LCB_ERR_TIMEOUT (201) occurring MANY times per day

It fetched 380K documents because you don’t have right index of your correlated query.
Every main query row it scanning demo for all type=‘choice’.

  1. Create CREATE INDEX ix1 ON demo(type, code, label);
  2. You only doing [0]th element so Add LIMIT 1 inside correlated subquery
SELECT a.*, META().id AS metaid,
       (SELECT RAW b.label
         FROM demo b
         WHERE b.type='choice'
        AND b.code = a.code
        LIMIT 1)[0] AS _signature_reason_label
FROM demo a
WHERE a.type = 'signature_form'
    AND (archived IS MISSING
        OR archived = NULL
        OR archived = FALSE)
1 Like

Thanks for the input. We added a modified version of the index you suggested:

CREATE INDEX `idx_choice_type_code_label` ON `demo`(`type`,`code`,`label`) WHERE (`type` = "choice")

And this was sufficient to improve performance (even without LIMIT 1).

Update: we added the additional suggested index

CREATE INDEX ix1 ON npky(ansDispatched DESC, ansStatus, ansCallSign, ansSource)

which improves the performance of the original query. More importantly though, it seems to now be preventing the timeout error altogether.

In other words, with this index in place, we no longer get random timeouts. We can execute and re-execute the same query over and over with no timeouts.

Of course, the question remains: Why does the absence of this index cause the entire query to fail completely, but only sometimes? If we’re lacking the ideal index, I would expect slower query performance, not random query failures.

Thanks again for everyone’s help.

When used OrderedIntersectScan/IntersectScan there are synchronization problem. Most of them fixed but looks like there corner case left. This is bug track via [MB-52662] (https://issues.couchbase.com/browse/MB-52662). Thanks for reporting the issue.
When used new index it reduced number of intersects or eliminated.

In this situation CBO (EE) might help to choose best index avoid IntersectScans if possible.

1 Like

My understanding is that an IntersectScan occurs when 2 or more separate indexes are referenced in a single WHERE clause. Is this correct? If so, should we now be attempting to avoid ALL IntersectScans until further notice? Because we support ad-hoc querying by our users, it’s not very practical for us to have to try to create a pure covering index for every possible query shape in an attempt to avoid these timeouts. Thanks again.

Most of the issues in this area are addressed. After 7.0.2 this first one found.
Aways it is not possible create single index with all where clause fields.
Most cases should work. Planner will try pick composite index and try any subset indexes.
If issue avoid with USE INDEX.

Yes, it is what I was asking for, but again it does not show an intersect scan being executed.
The only thing that I can spot is one request doing a primary scan (scan/fetch/project)
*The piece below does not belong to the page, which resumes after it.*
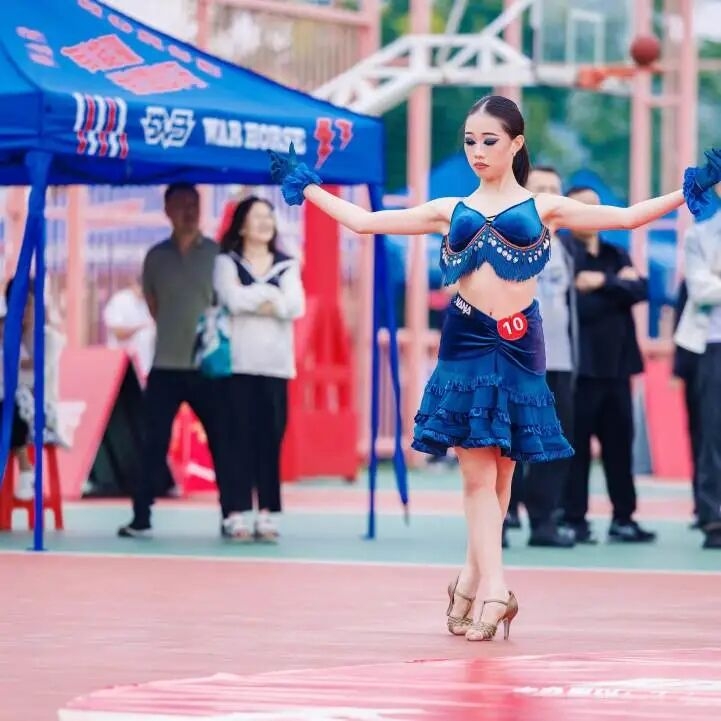 湖南博森体育管理有限公司 湖南博森体育管理有限公司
Well now that we’ve added the covering index, we’re not experiencing the timeouts any more. I guess we can delete the covering index in an attempt to restore the errors so we can capture a debug, but if the previous debug output doesn’t include the intersect scan, then I’m not sure about WHEN the debug needs to be run, i.e. what range of time does debug cover? Do we have to perfectly synchronize a timeout with running debug?

:wink: You would have to produce stacks after the request starts, but before the timeout kicks in and the requests winds down.
You collect too early and the intersect scan hasn’t started, too late, and we don’t have the request anymore.

We have two possible stall scenarios here:
1- the intersect scan waits for one or more of the children to go away: in this case the intersect scan goroutine would show
2- the intersect scan goroutine terminates, but leaves an incorrect state: in this case the intersect scan goroutine would not show among the stacks, but the main request goroutine would show in a specific state

So far I haven’t seen either.

We ran the debug script again. This time, we removed the covering index that prevents the bad query from timing out, then started the bad query, then once it was clear the query was going to timeout (e.g. no response after 10 seconds), we ran the debug script and captured the output.

debug.zip (19.3 KB)

Hope this is correct. I do see an intersect scan captured.